I prodotti della terra e la lunga tradizione sono gli ingredienti della cucina di Montefalco e dell’Umbria, in generale una cucina semplice, ma non per questo povera. Di sicuro le materie prime hanno un’importanza fondamentale, caratterizzando le ricette che ruotano intorno alle preparazioni a base di carne. Il sugo di cinghiale è il condimento perfetto per la pasta all’uovo, la carne di cinghiale è molto utilizzata in Umbria, un ingrediente prelibato dal sapore deciso: il condimento per la pasta può essere sia un ragù che un sugo ricavato dalla cottura in spezzatino. La marinatura della carne nel vino rosso e aromi permette di ammorbidirla e di togliere il sapore selvatico: questi animali vivono nel sottobosco nutrendosi di radici e tuberi, pertanto la carne risulterà magra e saporita.

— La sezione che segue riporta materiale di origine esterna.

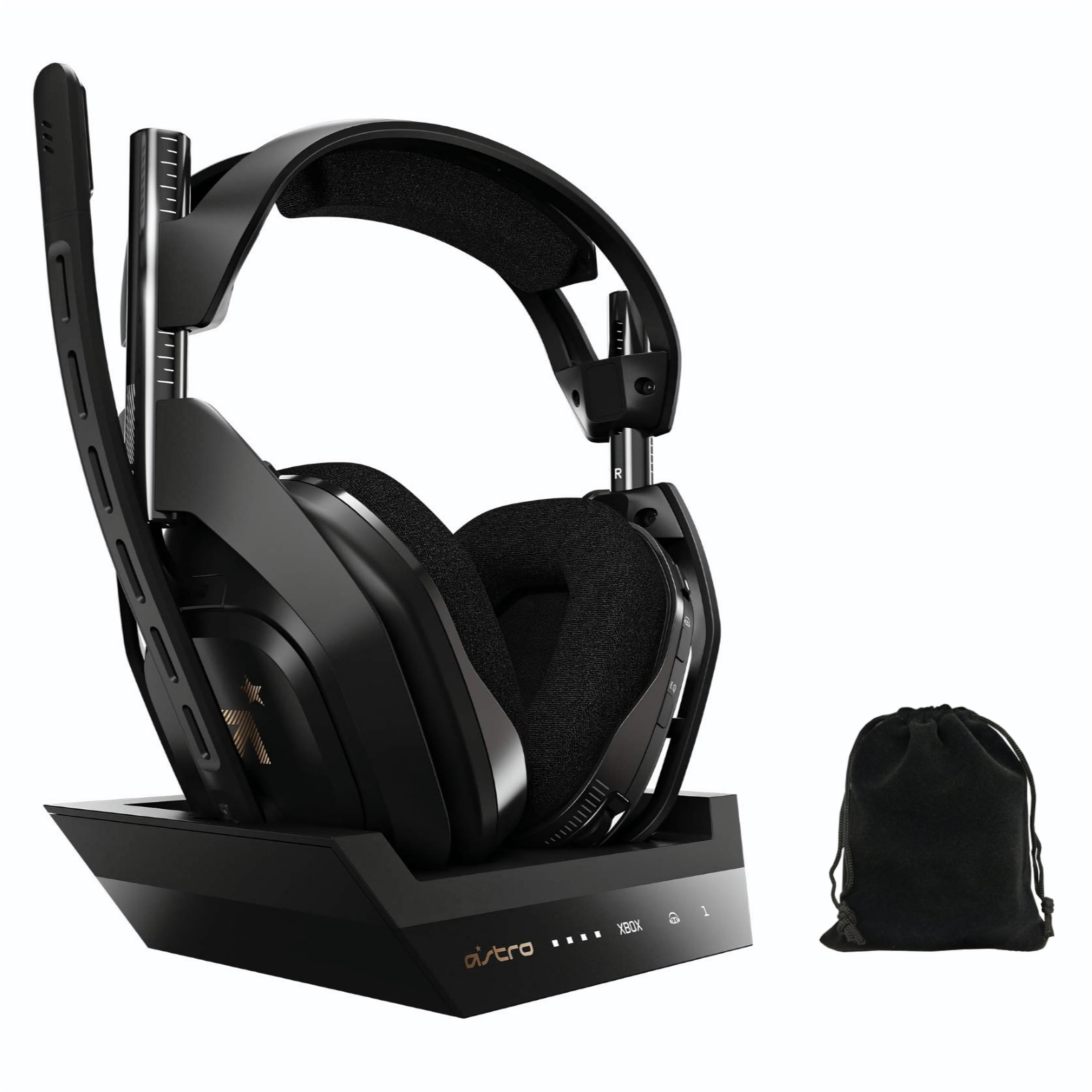 ASTRO GamingA50 Wireless Gaming Headset with Base Station Gen 4, Xbox Headset Wireless - Compatible with Xbox Series X|S, Xbox One, PC, Mac - Black/Gold, Bulk Packaging, Includes Storage Pouch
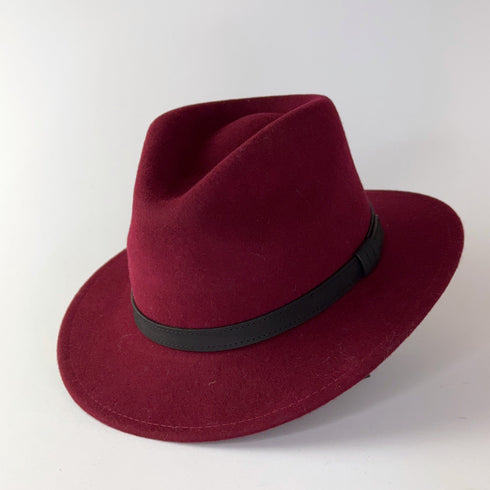 Julian Road Hat Pure Wool Fedora - Wine
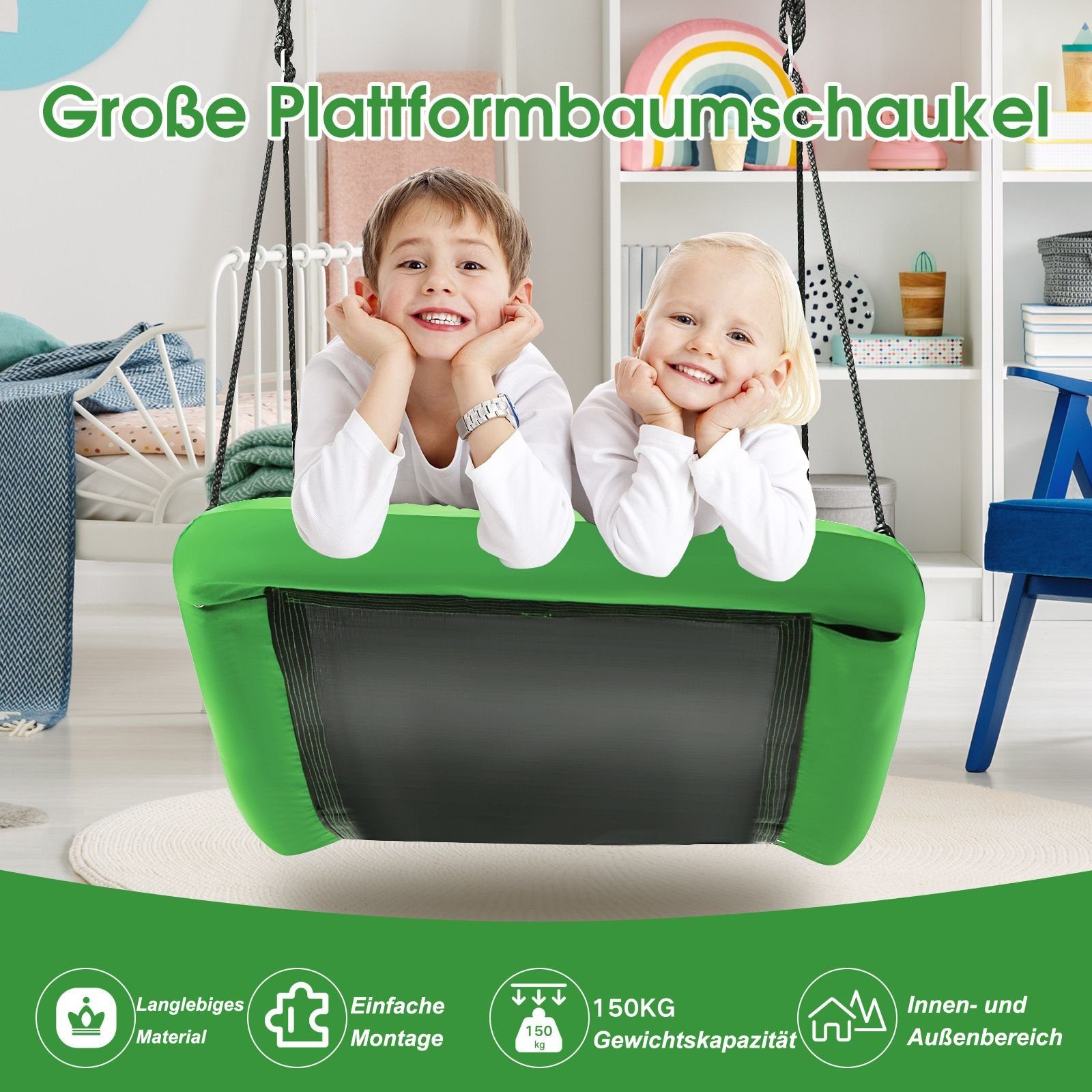 COSTWAY Nestschaukel Hängeschaukel, 81 x 152cm, günstig online kaufen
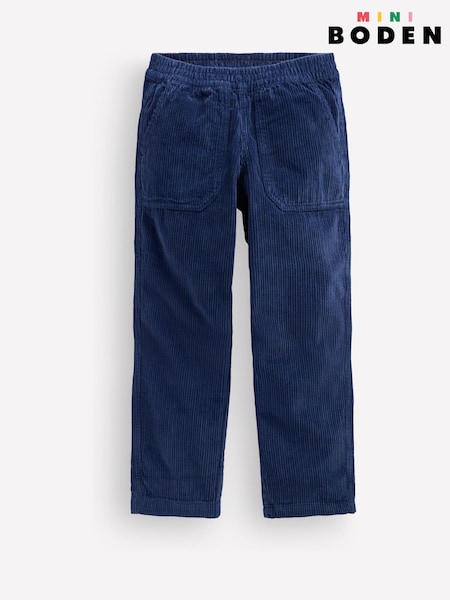Blue - Boden Pull-on Cord Trousers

Altro tipo di carne utilizzato per il sugo è la lepre, stiamo ancora parlando di selvaggina dal sapore aromatico e deciso, anche qui la sua preparazione richiede tempo. Le pappardelle condite con questo sugo risultano essere un gran piatto, perfetto per i giorni di festa. Come secondo piatto citiamo la lepre alla cacciatora: anche qui si procede con la marinatura nel vino e spezie per almeno 24 ore, una volta scolata si mette in un tegame e quando sono evaporati i liquidi residui, si procede alla lenta cottura con cipolla, prosciutto crudo, filetti d’acciuga, rosmarino, capperi, vino bianco e peperoncino.

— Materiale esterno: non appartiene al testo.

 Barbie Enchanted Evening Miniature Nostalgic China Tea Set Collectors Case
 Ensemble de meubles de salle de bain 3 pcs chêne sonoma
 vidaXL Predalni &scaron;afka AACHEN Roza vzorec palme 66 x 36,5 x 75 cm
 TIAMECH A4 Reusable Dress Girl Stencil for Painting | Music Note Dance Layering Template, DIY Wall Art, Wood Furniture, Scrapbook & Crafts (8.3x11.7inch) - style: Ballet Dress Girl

I Palombacci all’umbra, ricetta che prevede l’impiego della colomba selvatica: durante la cottura allo spiedo o al forno viene raccolto il liquido, ponendo la leccarda sotto l’animale. Questo liquido verrà impiegato per la cottura delle interiora, utilizzando un tegame di terracotta: ulteriori ingredienti per questa preparazione sono il vino rosso, con aggiunta di aceto, aglio e olio. Questa lenta procedura di circa tre ore consente di ottenere un liquido di cottura nel quale verrà immerso il palombaccio una volto cotto e fatto a pezzi: il risultato finale sarà dato dalla succulenza della carne insaporita dalla salsa.